> The problem
Transcription, pictures excluded: write out the data below exactly.
═════ Dataset extract
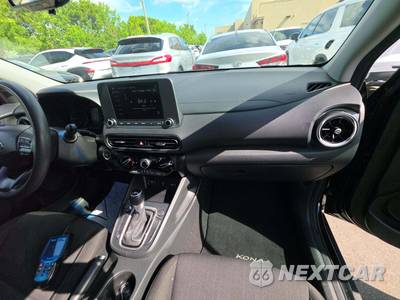 2023 Hyundai Kona SEL - zdjęcie 19 z 30 - miniatura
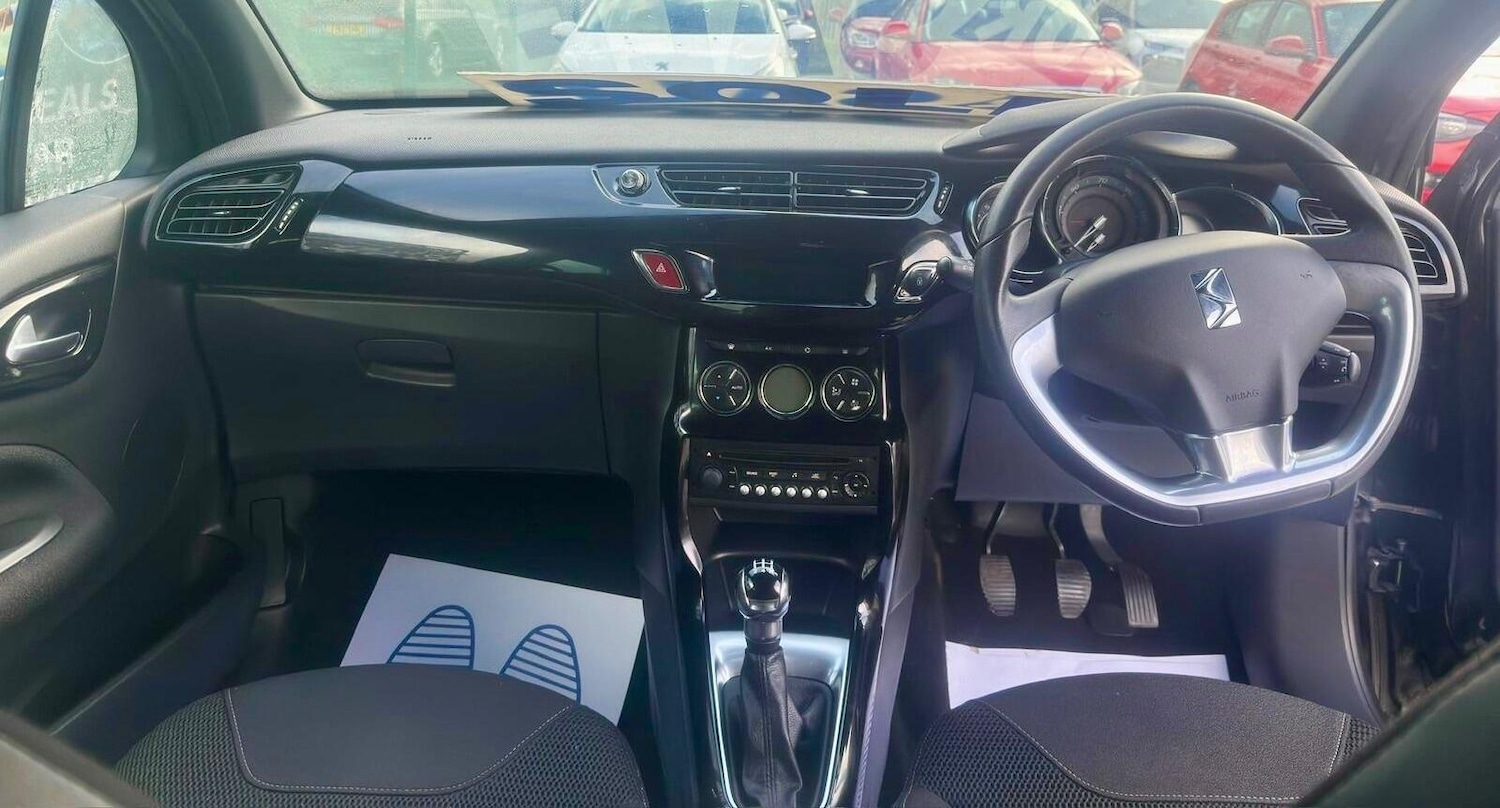 Used Citroen DS3 2013 for sale - 77892110: Photo 13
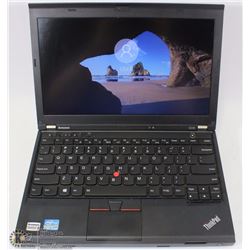 BUSINESS CLASS LENOVO THINKPAD X230 INTEL CORE i5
══════════
> Answer to this exercise
 2023 Hyundai Kona SEL - zdjęcie 19 z 30 - miniatura
 Used Citroen DS3 2013 for sale - 77892110: Photo 13
 BUSINESS CLASS LENOVO THINKPAD X230 INTEL CORE i5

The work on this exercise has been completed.